Data:
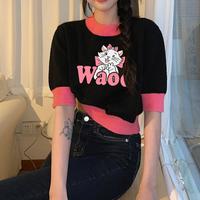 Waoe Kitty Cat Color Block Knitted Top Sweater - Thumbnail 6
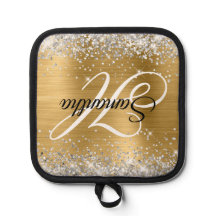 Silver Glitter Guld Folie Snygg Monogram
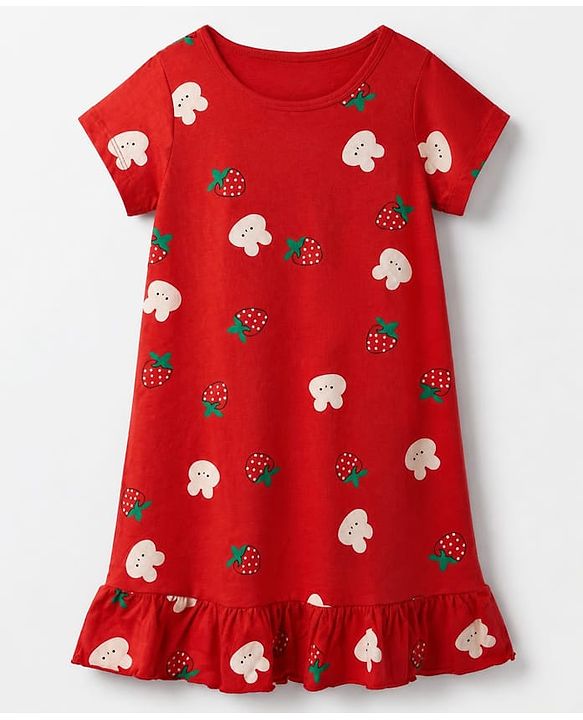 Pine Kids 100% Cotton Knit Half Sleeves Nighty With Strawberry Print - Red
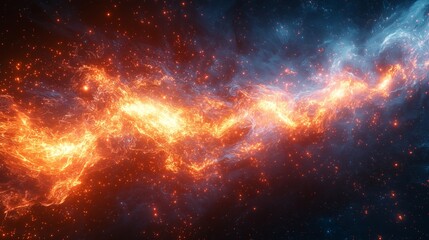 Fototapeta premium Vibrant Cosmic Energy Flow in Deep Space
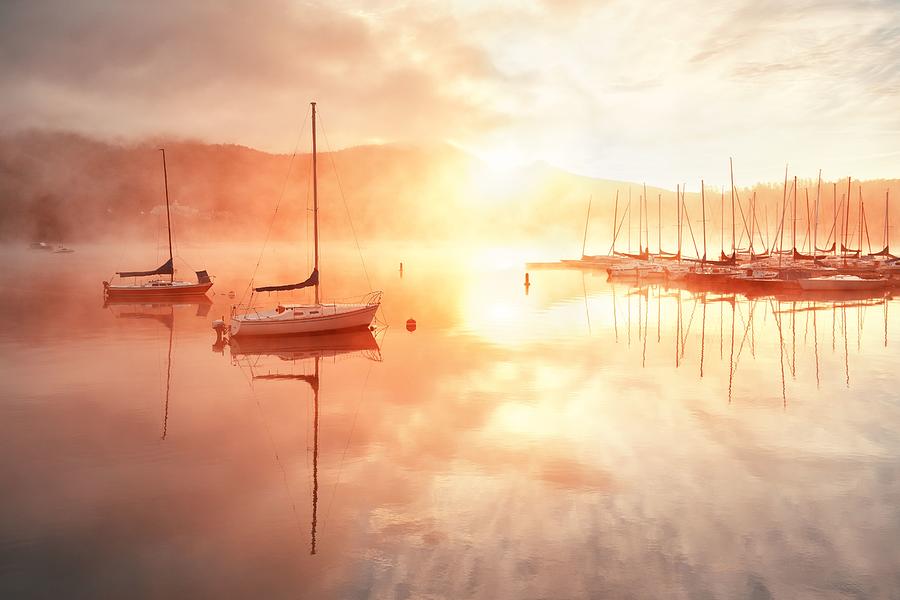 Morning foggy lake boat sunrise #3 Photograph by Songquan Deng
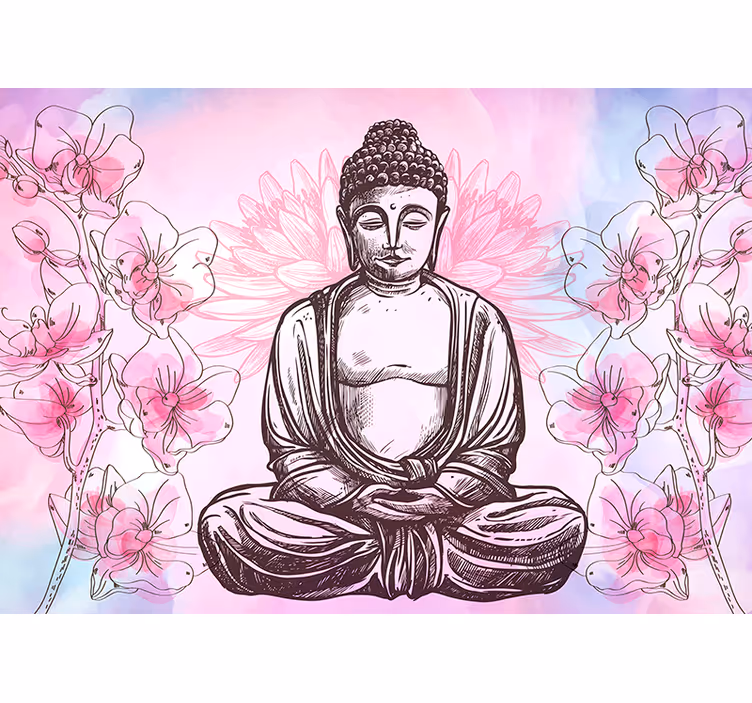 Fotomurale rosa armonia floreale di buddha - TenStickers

--

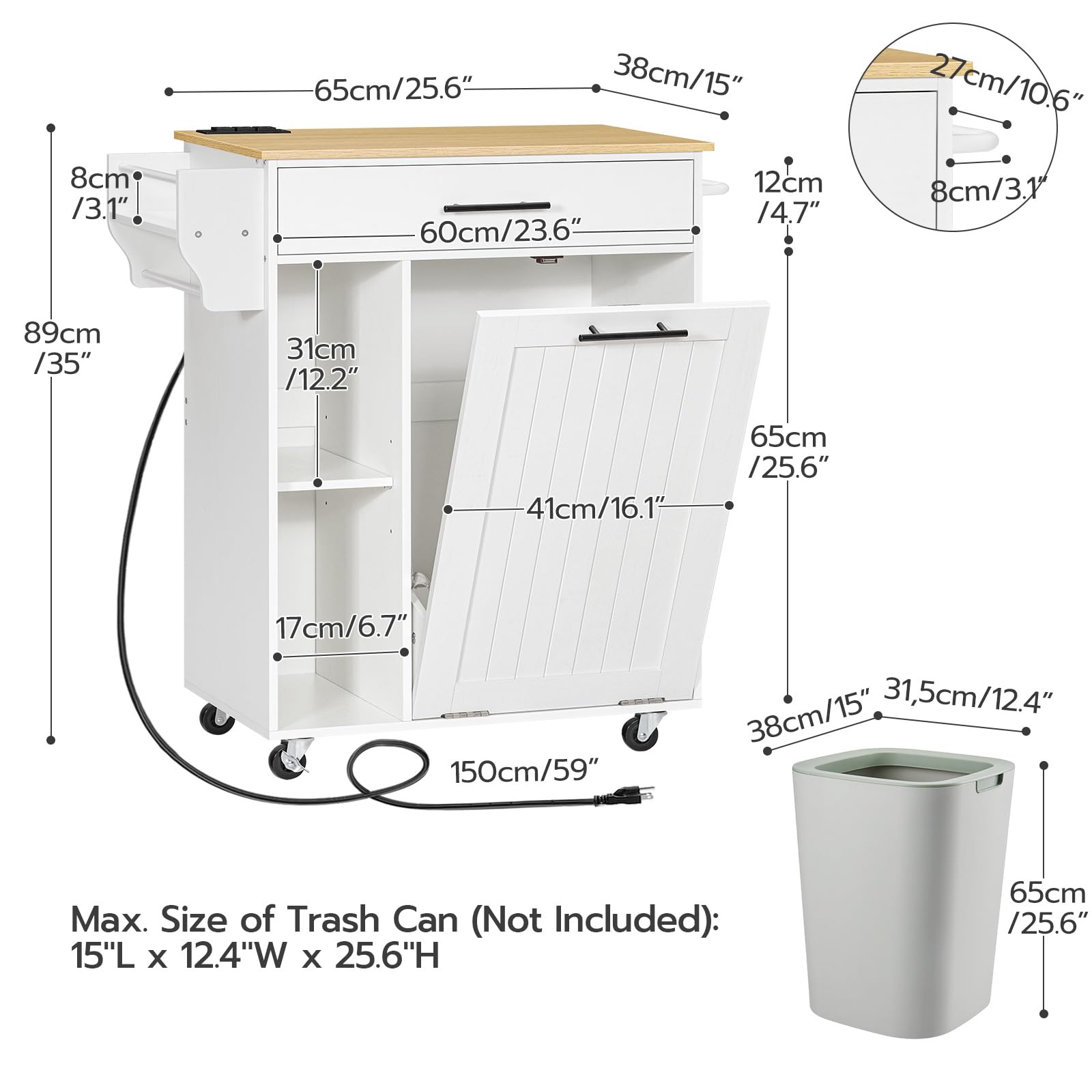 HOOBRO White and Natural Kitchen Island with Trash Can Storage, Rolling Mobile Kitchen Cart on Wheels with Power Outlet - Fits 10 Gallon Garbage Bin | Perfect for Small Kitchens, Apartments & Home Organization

About this task:
Leaving out the pictures, please output the lines in the entries above from the one with "Morning foggy lake" through the one with "Fotomurale rosa armonia", exactly as they are.

Output below:
 Morning foggy lake boat sunrise #3 Photograph by Songquan Deng
 Fotomurale rosa armonia floreale di buddha - TenStickers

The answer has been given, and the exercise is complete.